Reactors are going to India one way or another

All of this back-and-forth about India's unique approach to meeting international obligations hasn't stopped it from planning to buy nuclear technologies. State-run monopoly atomic energy producer Nuclear Power Corp. of India is in talks with France's Areva and three other overseas companies, to buy reactors, Nuclear Power Chairman S.K. Jain said last August.

Nuclear Power plans to place orders worth $14 billion to buy Areva's reactors, the AP1000 series of reactors from Toshiba Corp.'s Westinghouse Electric Co., the ABWR' series from General Electric Co. and the Russian VVR 1,000 reactors made by Rosatom. That's a lot of reactors in anyone's order book.
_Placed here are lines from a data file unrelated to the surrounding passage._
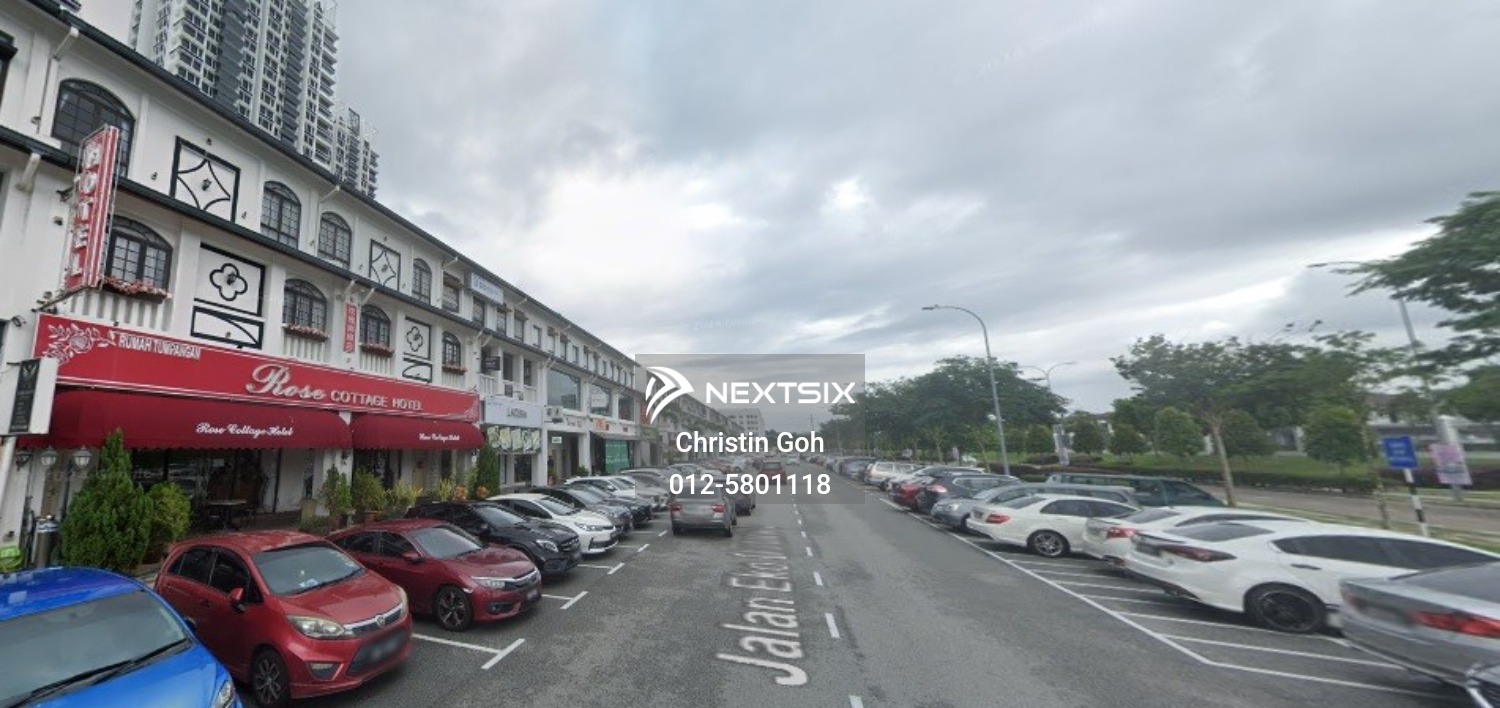 Shop Office For Sale in Iskandar Puteri (Nusajaya) Johor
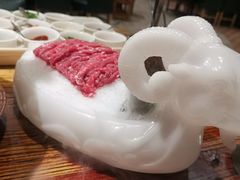 -额尔敦传统涮(公园西路店)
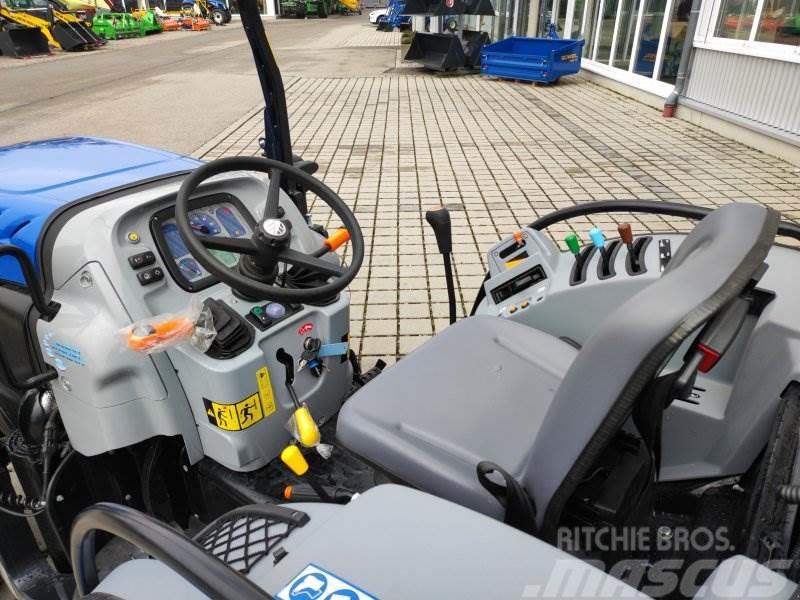 New Holland T 3.60 F Traktory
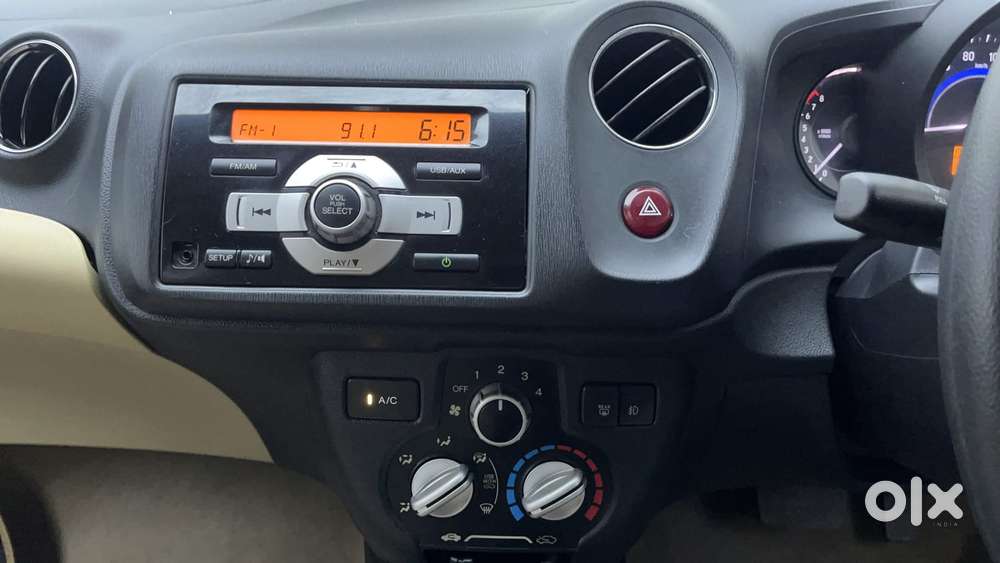 Honda Amaze [2016-2018] 1.2 Vx At I-vtec, 2015, Petrol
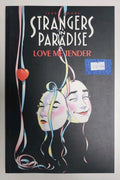 Strangers in Paradise Love Me Tender Graphic Novel by Terry Moore BRAND NEW SC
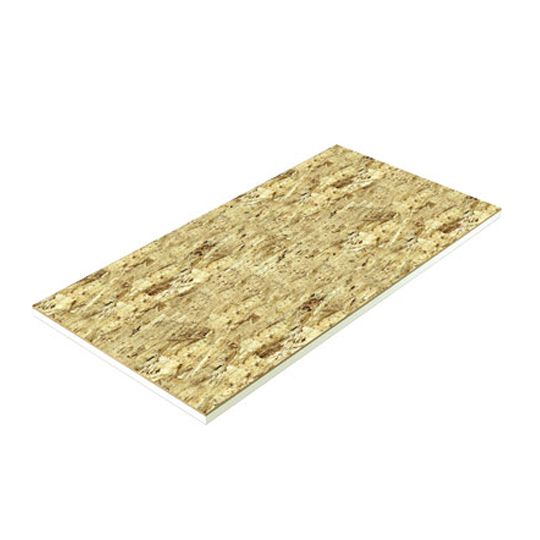Atlas 3.75" x 4' x 8' ACFoam Nail Base Nailable Roof Insulation with 3/4" Cdx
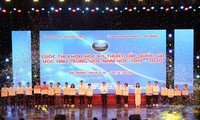 75 dự án đạt giải Khoa học kỹ thuật cấp quốc gia năm học 2019-2020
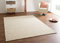 Steffensmeier Handwebteppich Gabun 100% Schurwolle Wohnzimmer im Scandi Style, Natur, Größe 130x190 cm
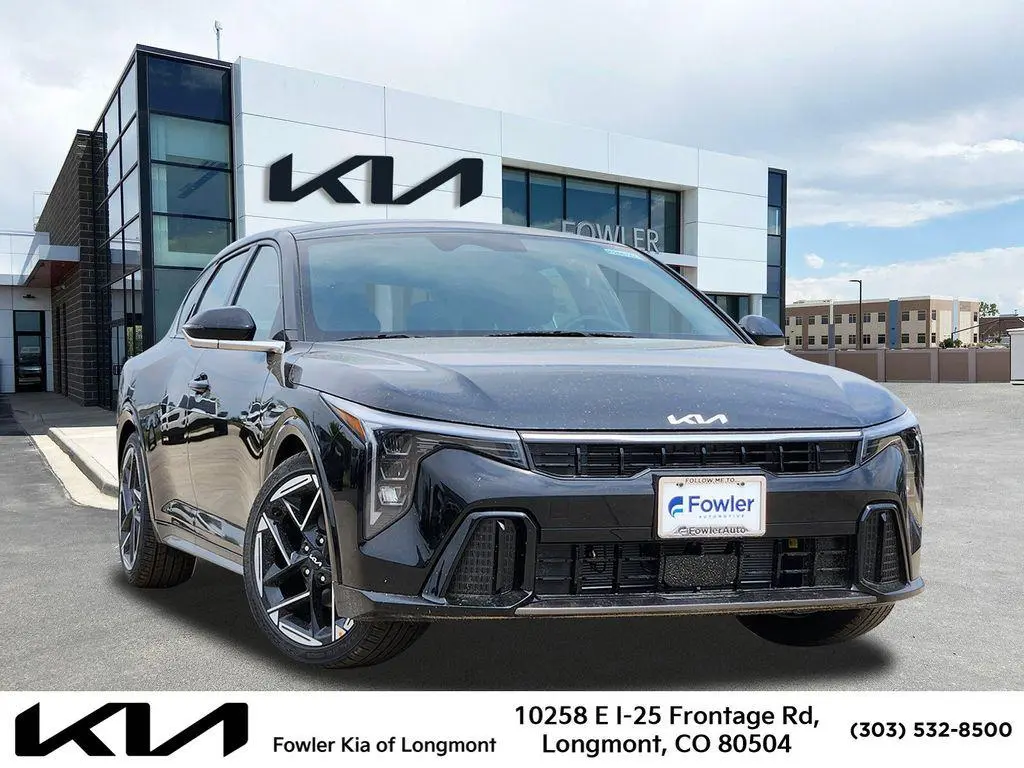 2026 Kia K4 Hatchback GT-Line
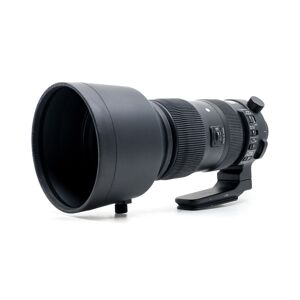 Sigma Occasion Sigma 60-600mm f/4.5-6.3 DG OS HSM SPORT - Monture Nikon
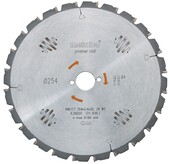 Пильний диск Metabo 350x30, 22 FZ (628017000)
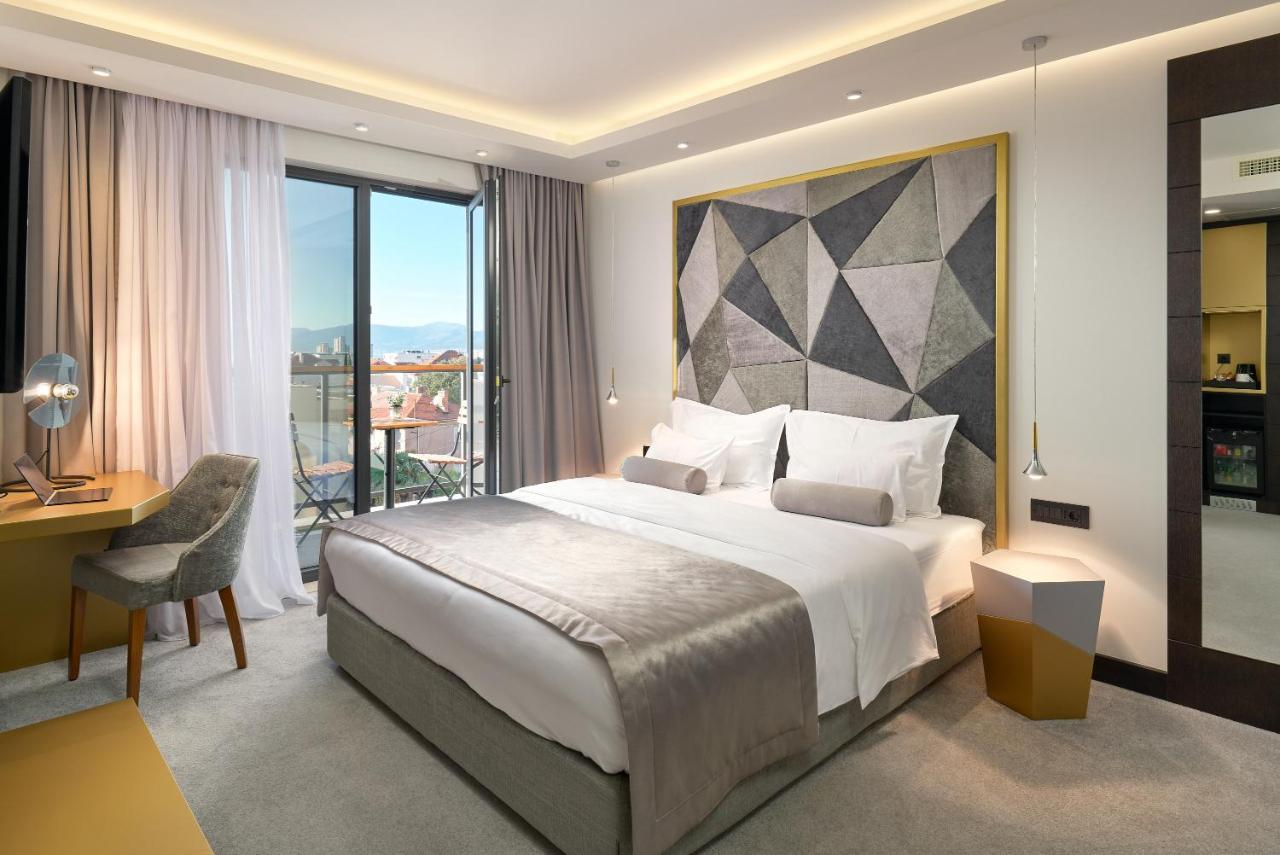Time Boutique Hotel Split Bagian luar foto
India signed a similar civilian nuclear agreement with Russia, which is helping India build two 1,000 MWe light water reactors at the Kudankulam nuclear power station in the southern state of Tamil Nadu. It appears the only exporter of nuclear technologies who is doing business in India wasn't even part of Sarkozy's visit.

Touring the Middle East plugging for reactor sales

In case you missed it Sarkozy made a grand tour of the Middle East earlier this month setting up potential new deals in the region that may take a decade or more to reach maturity. The New York Times reported that it is part of France's plan to reassert its role in the global economy and international political realm. The part about the reactors was reported by the Times as follows.

Mr. Sarkozy has signed a cooperation deal with the United Arab Emirates, the first step in building a $9 billion nuclear reactor there, and he has offered civilian nuclear cooperation to Saudi Arabia, Algeria, Egypt, Libya, Tunisia, Jordan and Morocco. In the wake of criticism that transfers of nuclear technology anywhere could be used on bomb programs, French officials rushed to make clear that it could take 15 years before those reactors are built, and to add that in some of the countries, they probably won’t be built.

Next stop South Africa

Reuters reports the next stop for the globe trotting Mr. Sarkozy is South Africa. He will visit South Africa February 26 & 27 accompanied by Areva CEO, Anne Lauvergeon. French nuclear power Areva will lead a consortium that will bid for the construction two European pressurised reactors (EPRs) in South Africa.

The consortium will also include French building conglomerate Bouygues, French state-owned electricity group EDF, and South African construction company Aveng Ltd. The consortium will file its bid at the end of January 2008. Areva's rival in the tender will be U.S.-based Westinghouse, owned by Japanese Toshiba.

South Africa announced in 2006 a plan to increase its electricity generation capacity to 40,000 MW by 2022. The electricity shortage in the country results in frequent blackouts, which is a major source of embarrassment for the government. The blackouts reportedly are cutting off electricity in major cities up to five hours a day. Economic growth in the country is being impacted by the lack of electricity.

1 comment:

CKR said...

It's a bit more than national pride that keeps India from signing on to the NPT.

As the NPT now stands, India would have to sign on as a non nuclear weapon state. Giving up its nuclear weapons would be unacceptable to India.